前回の本コラムでは、①に関連して、中長期的な収支均衡、従来の特定費用準備資金よりも使い勝手のよい「公益充実資金」の創設及び遊休財産の上限額の予見可能性の確保の方向性についてご説明いたしました。これらは、公益法人の運営の自由度が高まる方向での改正になりますが、一方で、②に関連して、各法人の負担が増える可能性のある改正項目があることにも留意する必要があります。
まず、会計面では、現在は、収益事業等からの利益の繰入れが50%の場合に、貸借対照表内訳表の作成が求められていないところ、全ての公益法人に対し、公益目的事業会計、収益事業等会計、法人会計に区分した貸借対照表内訳表の作成を求める旨、記載されています。
もちろん、現在でも、複式簿記により、正味財産増減計算書内訳表は作成されているはずですが、貸借対照表内訳表を作成されていない法人では、システム上の各会計区分の預金残高がマイナスになっているなど、そのままでは開示できない状況になっていることも多いのではないでしょうか。
この点、経過措置や行政による支援策も検討されているようですが、何らかの対応が求められることは間違いありません。(ただし、公益目的取得財産残額を計算する別表Hについては、貸借対照表内訳表を基礎とする簡素な把握方法とする方向で検討するとされており、一概に負担増となる面ばかりではありません。
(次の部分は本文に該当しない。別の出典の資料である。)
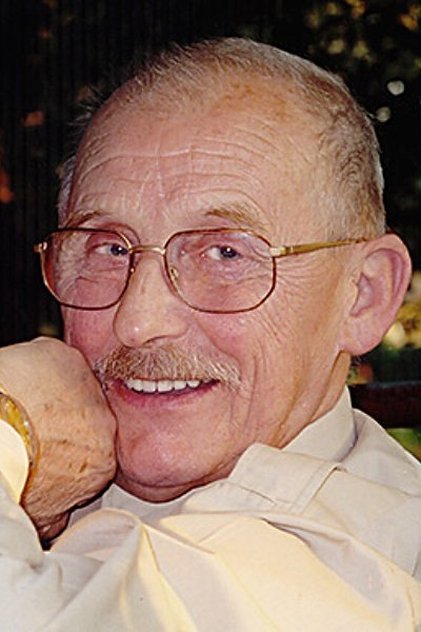 Zdjęcie Andrzej Szenajch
)
また、ガバナンス面では、理事会・監事等の機能強化のため、外部理事・監事の導入や評議員の選任について選定委員会方式を推奨するほか、会計監査人の必置の基準を現行の「収益1,000億円・費用損失1,000億円・負債50億円以上」から「収益100億円、費用損失100億円・負債50億円以上」とすることを検討するとされています。
新公益法人制度の施行は2年後の2025年が目途とされていますが、2006年の制度改革以来の大がかりなものであり、法令、ガイドライン、定期提出書類、FAQ、会計基準など、広範囲にわたった改正が必要となります。
その意味では、2年間という期間は決して長いものではなく、内閣府においては、「最終報告」を受けた具体的な改正内容を早期に確定し、公益法人への丁寧な周知に努めることが求められます。